**AIM OF THE TASK**
Beginning with the line containing "1539917945 Helppo tulostettava" and ending at the last line of the data, set down every line exactly, leaving out all pictures.
═══
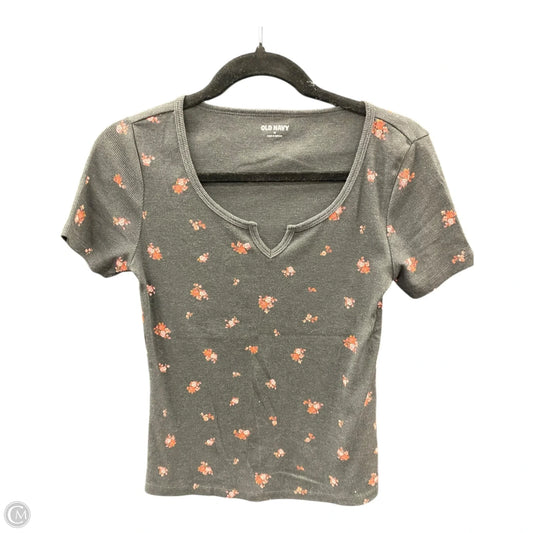 Top Short Sleeve By Old Navy In Grey, Size: M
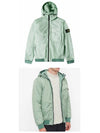 Wappen Patch Nylon Crinklips Hooded Jacket Sage - STONE ISLAND - BALAAN 5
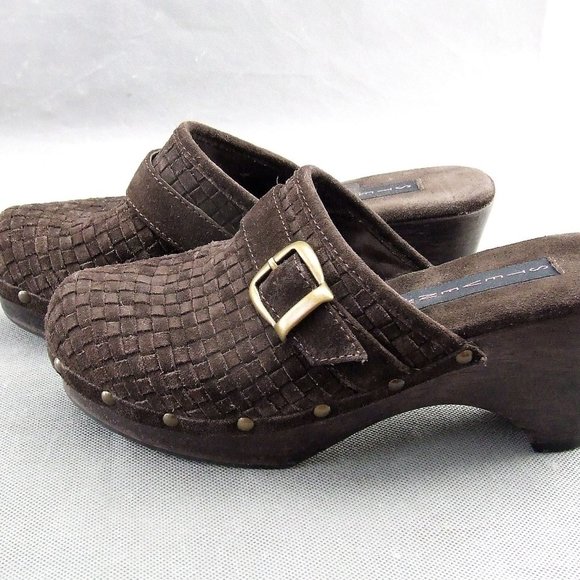 STEVEN by Steve Madden Brown Suede Clogs Mules Size 7.5 - Picture 6 of 8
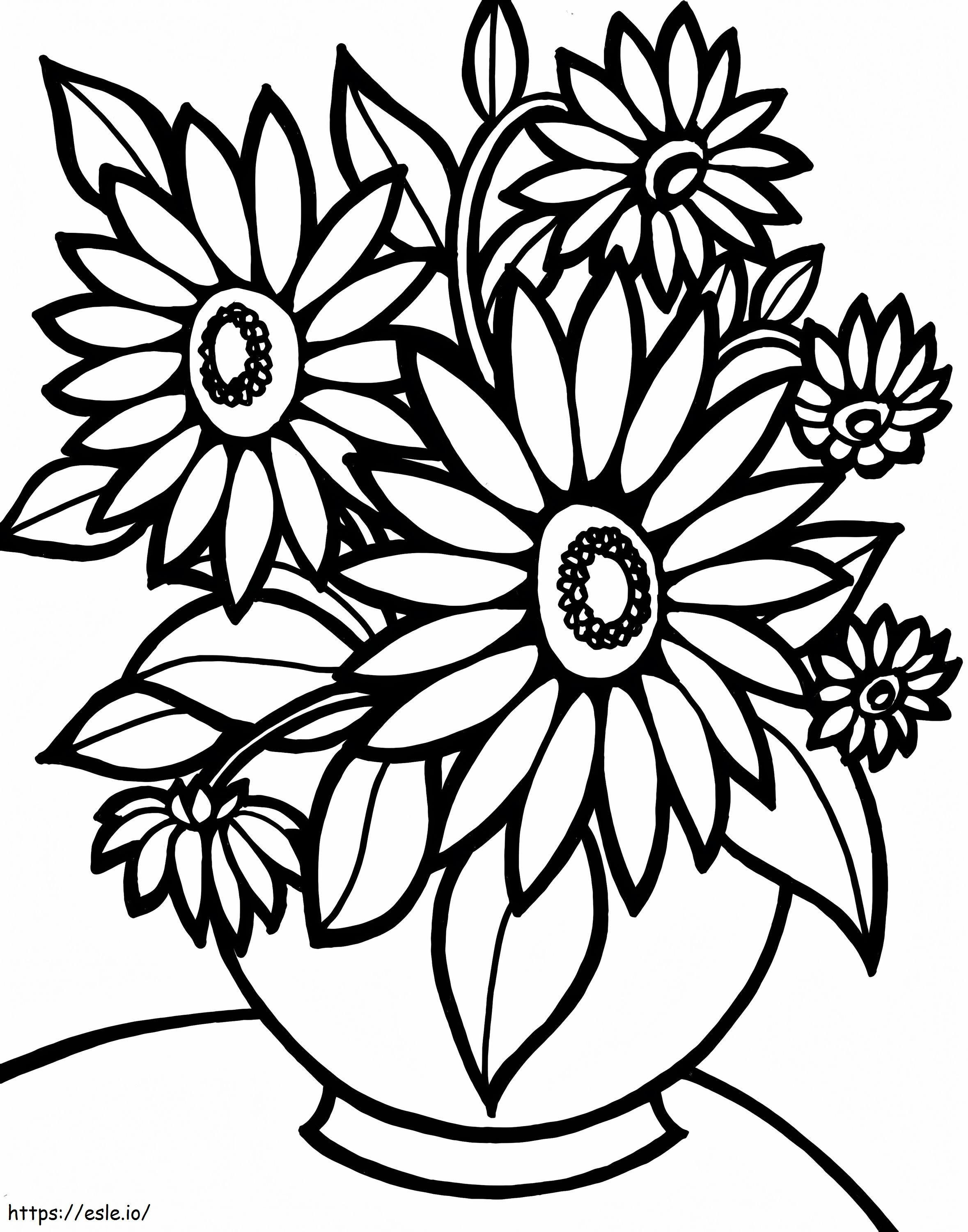 1539917945 Helppo tulostettava kukkaväri, joka on tarkoitettu helposti tulostettavaan lapsille tarkoitettuun kukkaan värityskuva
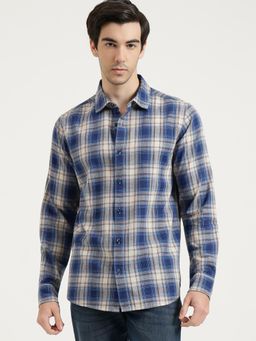 United Colors of Benetton - Men Multi-Colour Cotton Blend Collar Neck Shirt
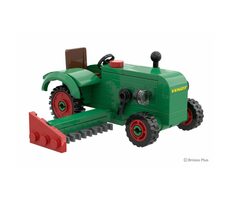 BRIXIES PLUS 222.704 Fendt Dieselross F28 Classic Club Collection - historický traktor s žacou lištou, 1:32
═══
**SOLUTION TO THIS TASK**
 1539917945 Helppo tulostettava kukkaväri, joka on tarkoitettu helposti tulostettavaan lapsille tarkoitettuun kukkaan värityskuva
 United Colors of Benetton - Men Multi-Colour Cotton Blend Collar Neck Shirt
 BRIXIES PLUS 222.704 Fendt Dieselross F28 Classic Club Collection - historický traktor s žacou lištou, 1:32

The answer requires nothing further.